Romanesque architectural fragments show that St Bride’s Church was built on the site of an earlier building, probably dating to the 1100s. Much of the church we see today was built in the 1300s.
This was the parish church of Douglas. ‘The Good Sir’ James of Douglas was close friends with Robert the Bruce, and is said to have slaughtered English troops inside the church in 1307. Thanks to James’s alignment with Bruce, the Black Douglases rose to become one of Scotland’s most powerful noble families of the day.
The Douglas mausoleum
When Sir James died in 1330, his son Archibald ‘The Grim’, 3rd earl of Douglas, modified the church to accommodate his tomb.

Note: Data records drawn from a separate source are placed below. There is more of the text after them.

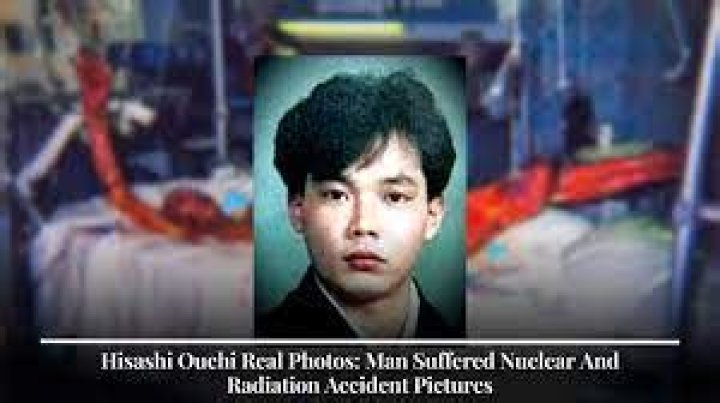 Hisashi Ouchi: The True Story Behind the Real Photos and Tragic Fate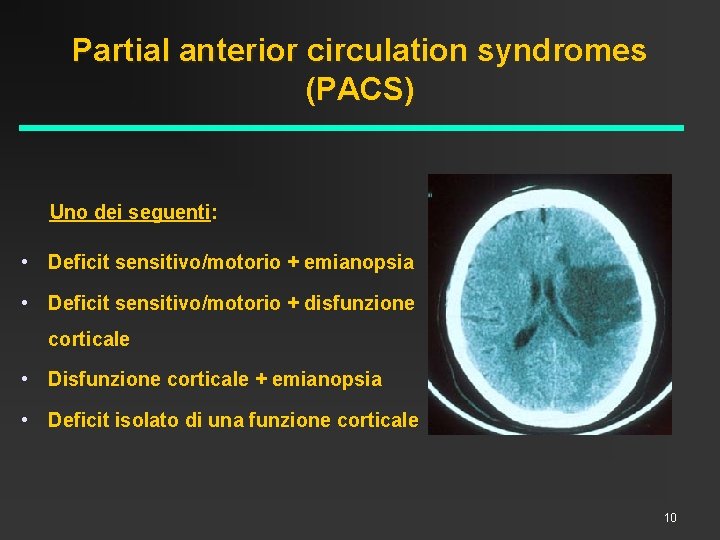 Partial anterior circulation syndromes (PACS) Uno dei seguenti: • Deficit sensitivo/motorio + emianopsia •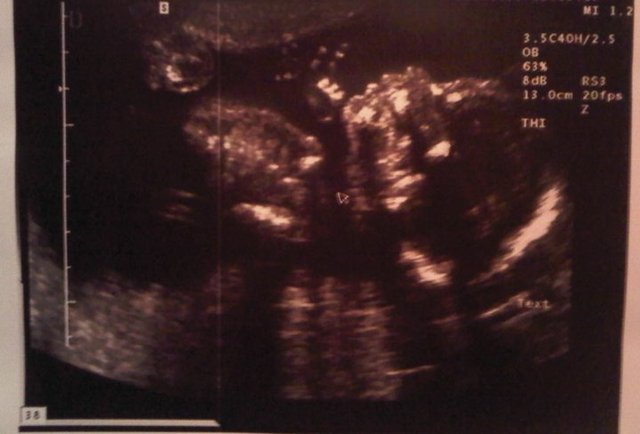 The Birth of the Wonderful Orhay Gewargis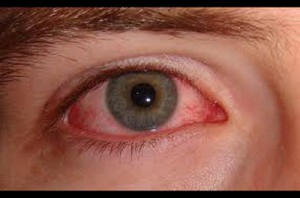 men's health dry eye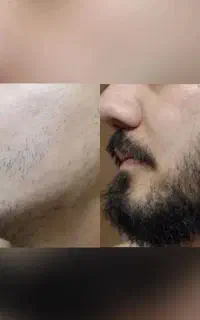 بدون درد خونریزی دربیار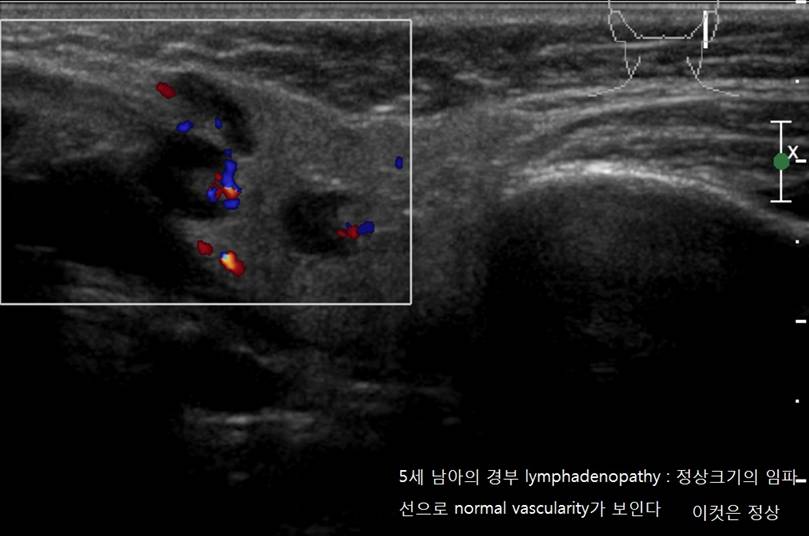 lymphadenopathy.jpg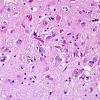 3A2 Encephalitis, west nile (Case 3) H&E 1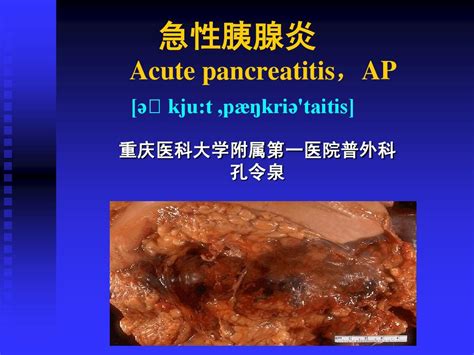 10急性胰腺炎word文档在线阅读与下载免费文档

Sir James’ tomb is the first of three elaborate canopied tombs to be found in the church. Its effigy depicts a knight drawing a sword, with his head on a pillow and his feet resting on an animal.
The second tomb belongs to Archibald, 5th earl and 2nd Duke of Touraine, who died in 1439. He’s depicted wearing robes of state and a ducal coronet on his head, and his feet rest on a lion. The tomb chest below has carved figures, probably representing his family.
The third tomb is that of James ‘the Gross’, 7th Earl, who died in 1443, and his wife Beatrice Sinclair, who died at some point before 1463. This is a rare double effigy, with the earl in armour and his wife in a flowing robe. Both have their hands clasped in prayer.
Overthrow of the Douglases
James II overthrew the Black Douglases in 1455, and St Bride’s soon fell into neglect.
A clock tower, containing a clock dated 1565, was added to the nave’s south aisle. The clock is said to have been presented by Mary Queen of Scots. It’s probably the oldest working clock in Scotland.
Worship in the chancel continued until 1781, when a new church was built on a different site.
Charles, 12th earl of Home, re-roofed and re-glazed the chancel in 1881, to provide a suitable shrine for his mother, Lady Lucy Montagu Douglas. Her tomb now takes centre stage in the chancel.